I would like to seek help with regards to my Google Colaboratory Notebook. The error is located in fourth cell.
Context:
We're performing Web scraping BTC's Historical Data.
Here's my codes:
First cell (Executed successfully)
#importing libaries
from bs4 import BeautifulSoup
import requests
import pandas as pd
Second cell (Executed successfully)
#sample url
url = "https://www.bitrates.com/coin/BTC/historical-data/USD?period=allData&limit=500"
#request the page
page = requests.get(url)
#creating a soup object and the parser
soup = BeautifulSoup(page.text, 'lxml')
#creating a table body to pass on the soup to find the table
table_body = soup.find('table')
#creating an empty list to store information
row_data = []
#creating a table
for row in table_body.find_all('tr'):
col = row.find_all('td')
col = [ele.text.strip() for ele in col ] # stripping the whitespaces
row_data.append(col) #append the column
# extracting all data on table entries
df = pd.DataFrame(row_data)
df
Third cell (Executed successfully)
headers = []
for i in soup.find_all('th'):
col_name = i.text.strip().lower().replace(" ", "_")
headers.append(col_name)
headers
Fourth cell (Execution failed)
df = pd.DataFrame(row_data, columns=headers)
df
#into a file
df.to_csv('/content/file.csv')
AssertionError Traceback (most recent call last)

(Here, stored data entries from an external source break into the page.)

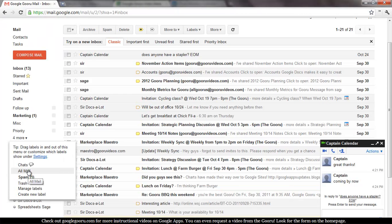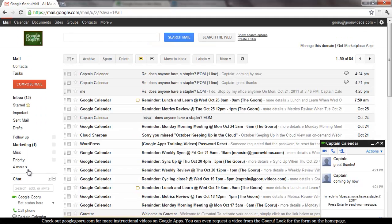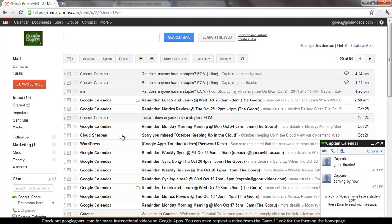So no matter what your inbox looks like, it's going to say All Mail, and you need to click on All Mail to find your archived mail. Now the All Mail view includes your entire inbox plus everything that you've archived. So this is it.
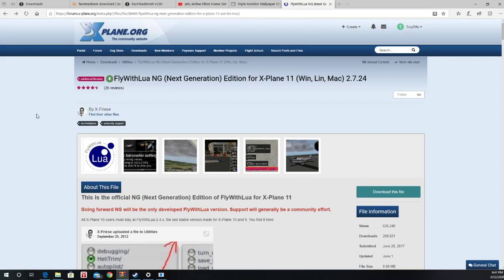Hello and welcome to another tutorial. This is an X-Plane tutorial on how to install Fly with Lua.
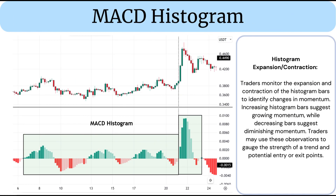Histogram Expansion and Contraction: Traders monitor the expansion and contraction of the histogram bars to identify changes in momentum. Increasing histogram bars suggest growing momentum, while decreasing bars suggest diminishing momentum. Traders may use these observations to gauge the strength of a trend and potential entry or exit points.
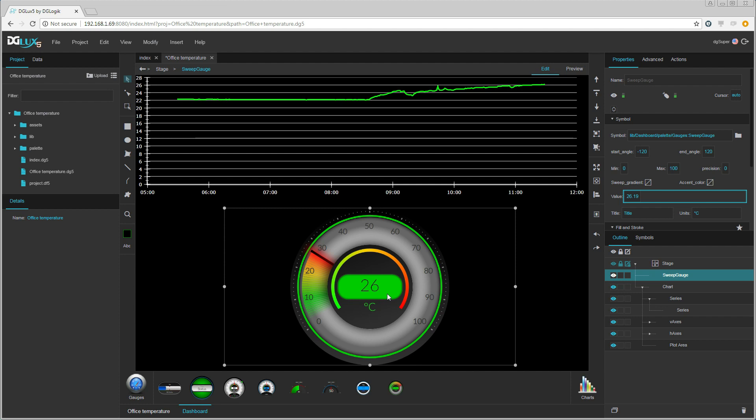The one wire sensor is right in front of me so let me take the sensor into my hand and let us see if the temperature rises. And it seems to work.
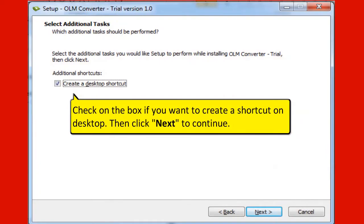Check on the box if you want to create a shortcut on desktop. Then click next to continue.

/usr/local/lib/python3.7/dist-packages/pandas/core/internals/construction.py in _list_to_arrays(data, columns, coerce_float, dtype)
563 try:
--> 564 columns = _validate_or_indexify_columns(content, columns)
565 result = _convert_object_array(content, dtype=dtype, coerce_float=coerce_float)
AssertionError: 13 columns passed, passed data had 7 columns
The above exception was the direct cause of the following exception:
ValueError Traceback (most recent call last)
/usr/local/lib/python3.7/dist-packages/pandas/core/internals/construction.py in _list_to_arrays(data, columns, coerce_float, dtype)
565 result = _convert_object_array(content, dtype=dtype, coerce_float=coerce_float)
566 except AssertionError as e:
--> 567 raise ValueError(e) from e
568 return result, columns
569
ValueError: 13 columns passed, passed data had 7 columns
To load the table you can use simple pd.read_html()
. For example:
import pandas as pd
url = "https://www.bitrates.com/coin/BTC/historical-data/USD?period=allData&limit=500"
df = pd.read_html(url)[0]
print(df)
df.to_csv("data.csv")
Creates data.csv
(screenshot from LibreOffice):
To correct your example:
# importing libaries
from bs4 import BeautifulSoup
import requests
import pandas as pd
# sample url
url = "https://www.bitrates.com/coin/BTC/historical-data/USD?period=allData&limit=500"
# request the page
page = requests.get(url)
# creating a soup object and the parser
soup = BeautifulSoup(page.text, "lxml")
# creating a table body to pass on the soup to find the table
table_body = soup.find("table")
# creating an empty list to store information
row_data = []
# creating a table
for row in table_body.select("tr:has(td)"):
col = row.find_all("td")
col = [ele.text.strip() for ele in col] # stripping the whitespaces
row_data.append(col) # append the column
# extracting all data on table entries
df = pd.DataFrame(row_data)
headers = []
for i in table_body.select("th"):
col_name = i.text.strip().lower().replace(" ", "_")
headers.append(col_name)
df = pd.DataFrame(row_data, columns=headers)
print(df)
df.to_csv("/content/file.csv")